Bertempat di Auditorium Psikologi Universitas Islam Indonesia, Fakultas Kedokteran melaksanakan Janji Dokter Angkatan I-2004 dengan mengambil Janji sebanyak 26 sarjana kedokteran. Acara tersebut berlangsung pada hari Selasa 2 Desember 2008 pukul 10.00 WIB. Acara prosesi janji dokter ini dihadiri oleh Rektor Universitas Islam Indonesia, Prof. Dr. Edy Suandi Hamid, Dekan Fakultas kedokteran yang diwakili oleh Wakil Dekan, dr.
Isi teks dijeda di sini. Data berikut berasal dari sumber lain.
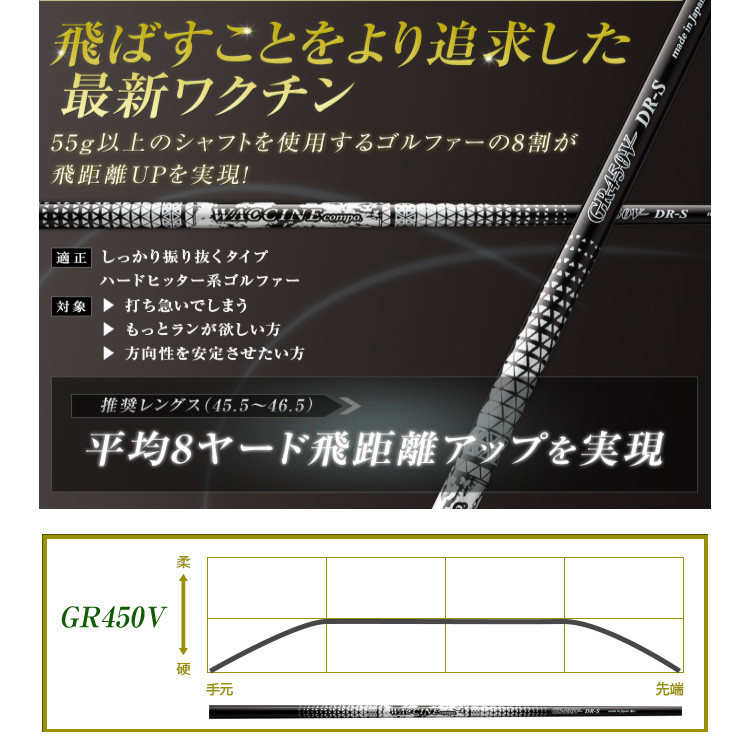 カラフルセット 3個 ワクチンコンポ GR450V GTDスリーブ付シャフト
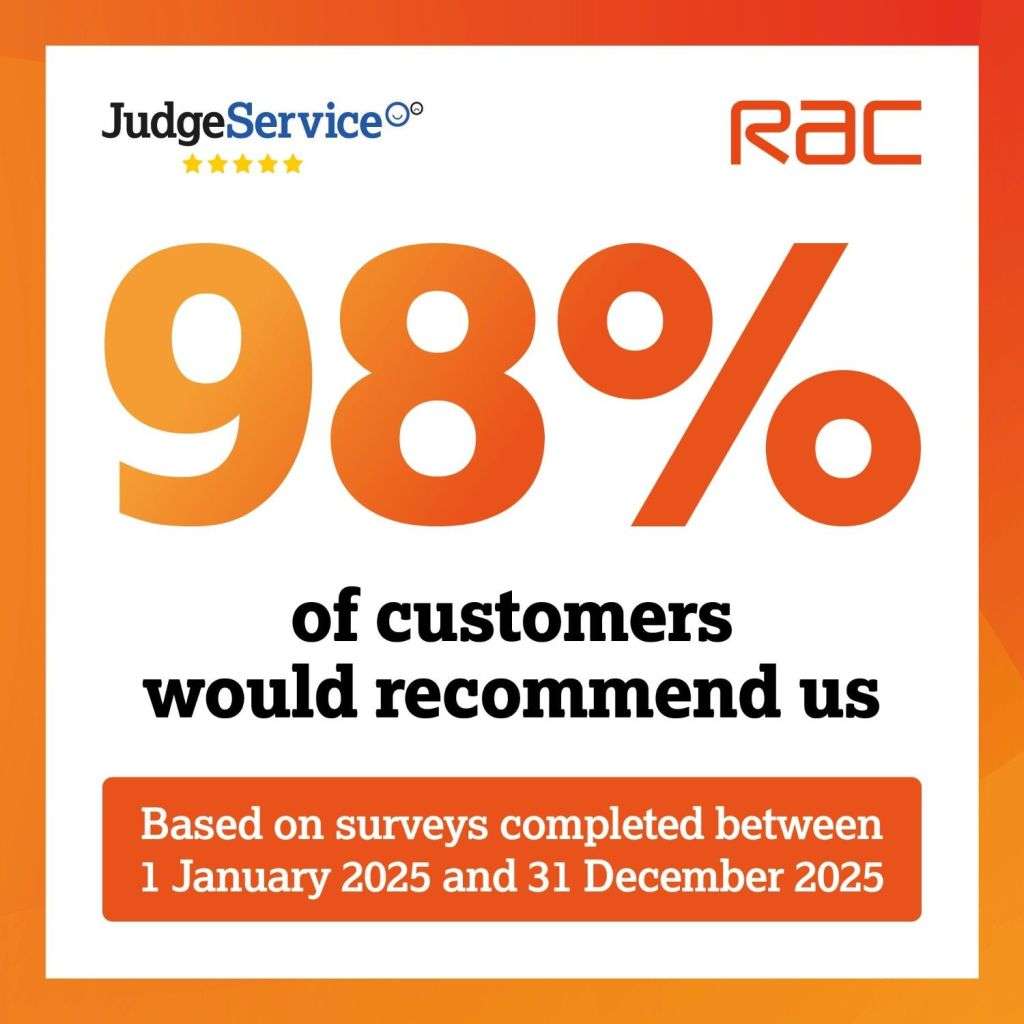 2021 FIAT TIPO 2021 FIAT TIPO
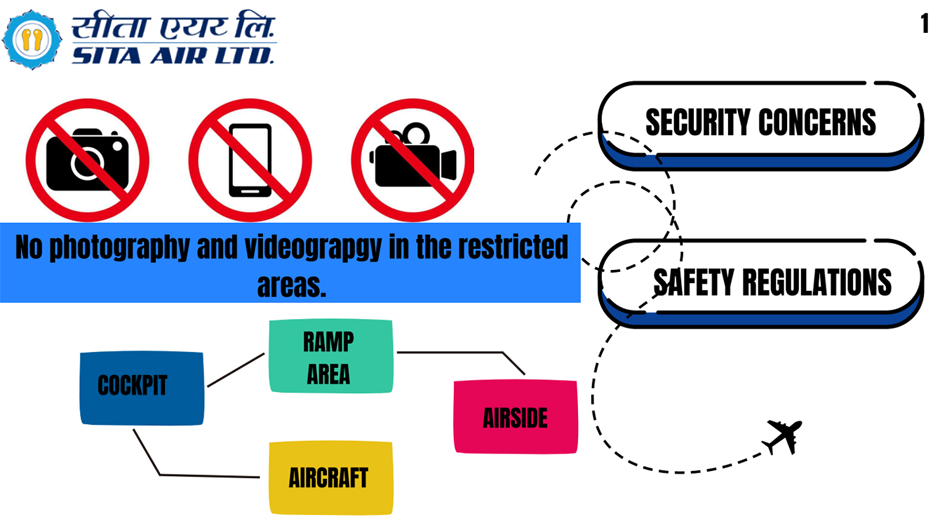 Safety Guideline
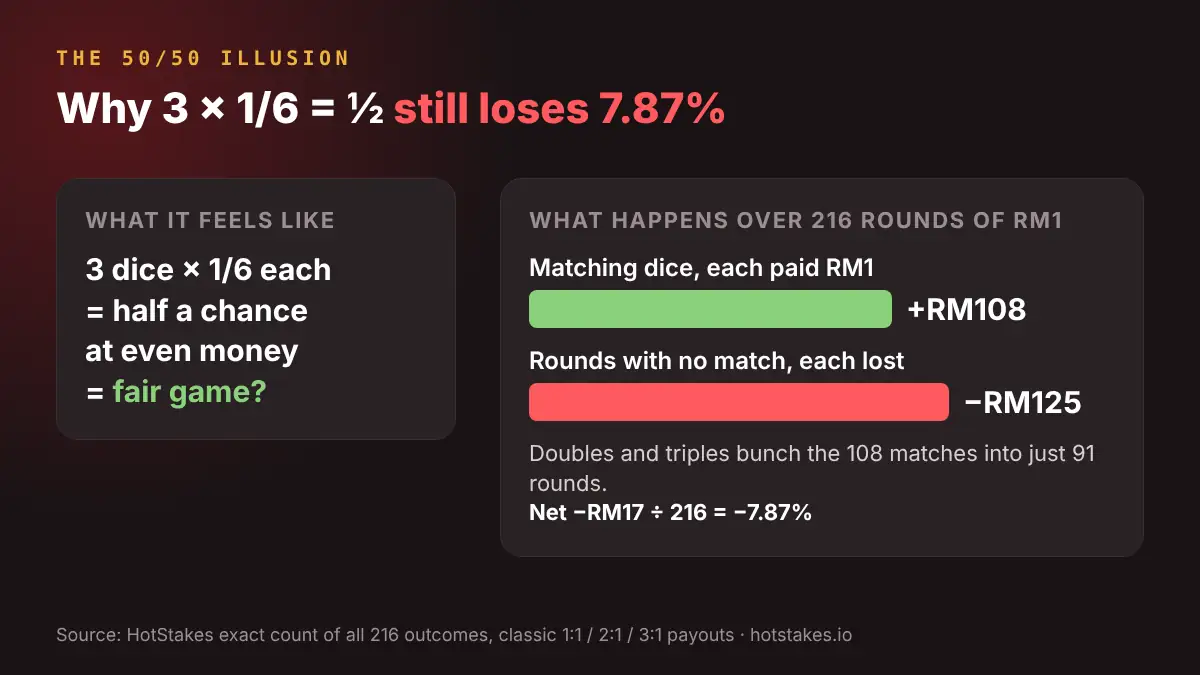 The 50/50 illusion explained: 108 matching dice pay +RM108 but 125 empty rounds lose RM125, net −7.87%
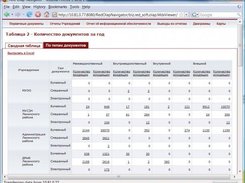 Simple table with data and drill-down links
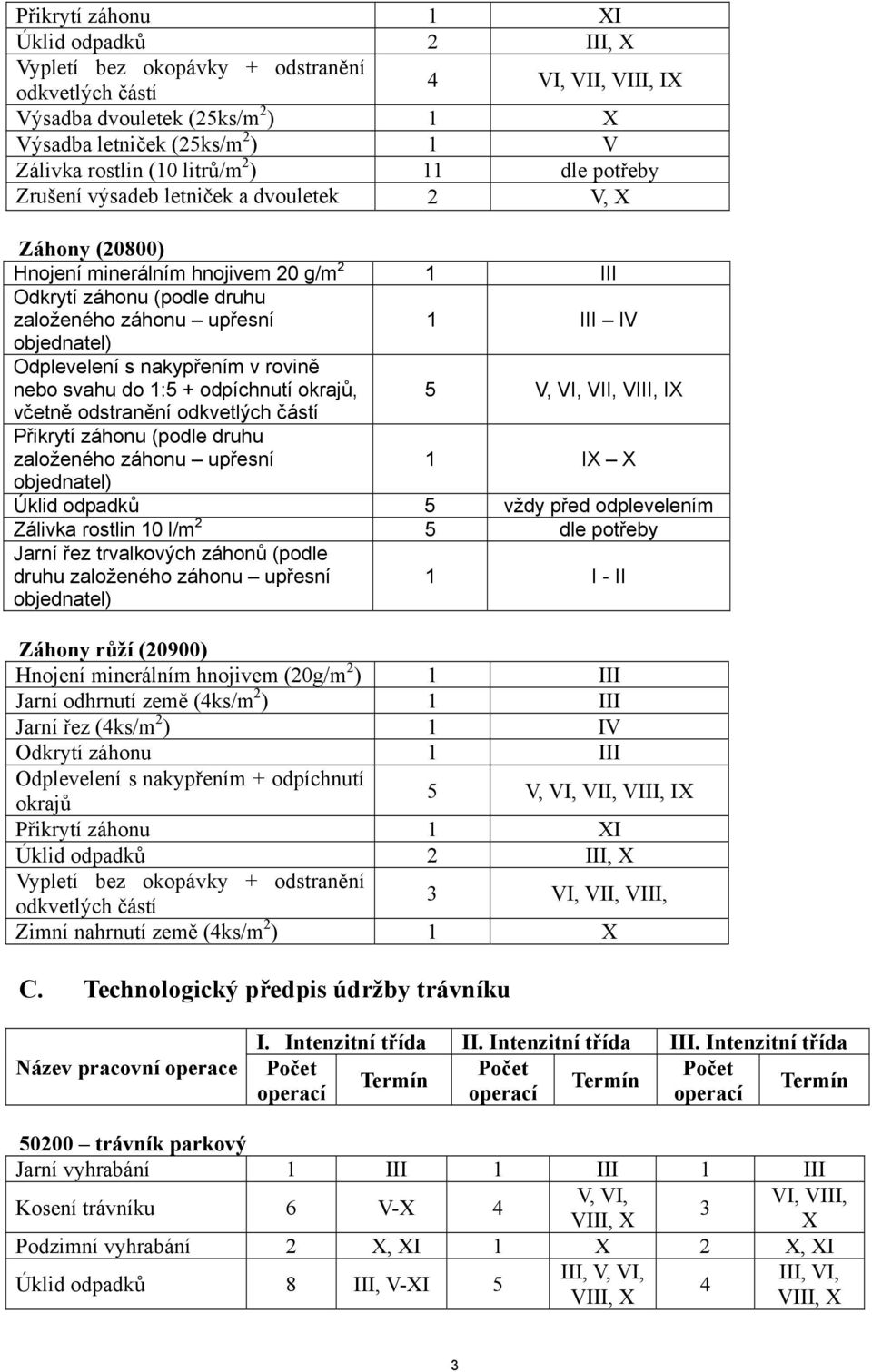 objednatel) Odplevelení s nakypřením v rovině nebo svahu do 1:5 + odpíchnutí okrajů, 5 V, VI, VII, VIII, IX včetně odstranění odkvetlých částí Přikrytí záhonu (podle druhu založeného záhonu upřesní 1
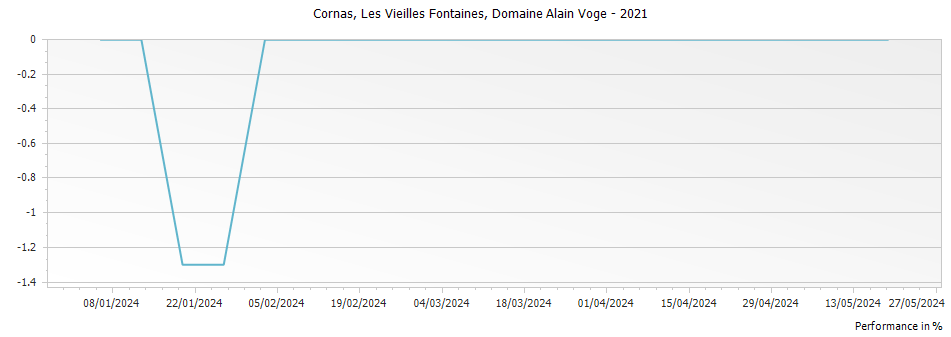 Graph for Domaine Alain Voge Les Vieilles Fontaines Cornas – 2021
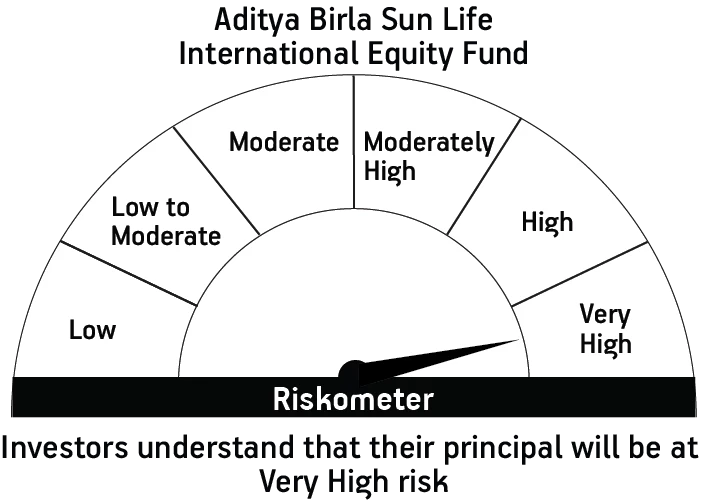Risk meter image 1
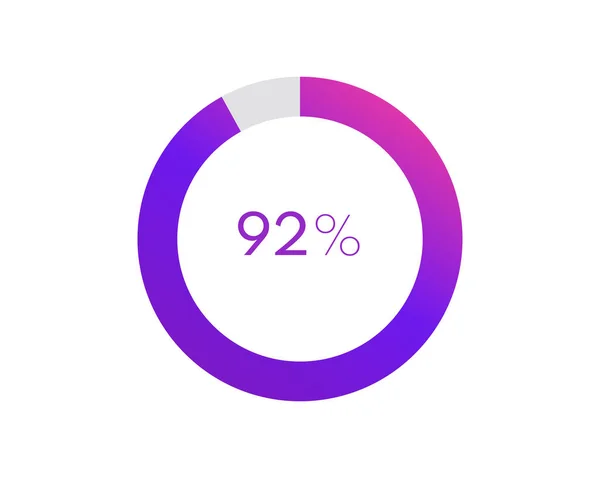 퍼센트 차트입니다 Circle Diagram Business Illustration Percentage Vector Infographics — 스톡 벡터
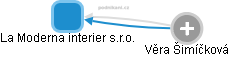 La Moderna interier s.r.o. - obrázek vizuálního zobrazení vztahů obchodního rejstříku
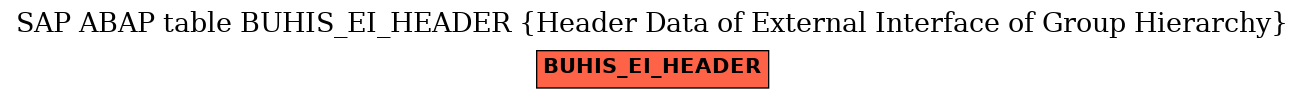 E-R Diagram for table BUHIS_EI_HEADER (Header Data of External Interface of Group Hierarchy)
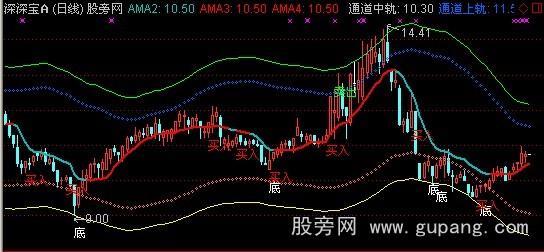 通达信无极通道主图指标公式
Riana Rahmawati,M.Kes, Wakil Rumah Sakit yang pada kesempatan kali ini dihadiri oleh RSUD Sragen, dr. Kinik Dharsono, MMedEd (mewakili Direktur) dan dr. Djoko Purwanto (mewakili Diklat). 

Ranita Parjaman, S.Ked, sebagai lulusan terbaik mewakili rekan-rekan seangkatannya menandatangani Janji Dokter yang dibacakan oleh Andrianor Rahman, S. Ked. yang pada hakekatnya akan melaksanakan kegiatan kepaniteraan dengan sungguh-sungguh, profesional, sesuai dengan kompetensi yang dimilikinya serta berjanji dengan teguh memegang akidah Islamiyah yang selama ini telah diajarkan di bangku pendidikan.

 
Pada sambutannya Rektor Universitas Islam Indonesia Prof. Dr. Edy Suandi Hamid, menekankan pentingnya kompetensi bagi  seorang dokter yang profesional. Tanpa kompetensi, maka keprofesionalan seorang dokter patut dipertanyakan. Karena begitu pentingnya profesionalisme, diharapkan peserta janji dokter muda kali ini dalam menjalankan kepaniteraan diharuskan dapat selesai tepat waktu. Sementara dr. Riana Rahmawati, M.Kes pada sambutannya dokter muda dapat belajar sungguh-sungguh dan bisa menghormati tidak saja sesama rekan sejawat, namun juga pada pasien dan dokter-dokter senior yang akan membimbing para dokter muda sekalian.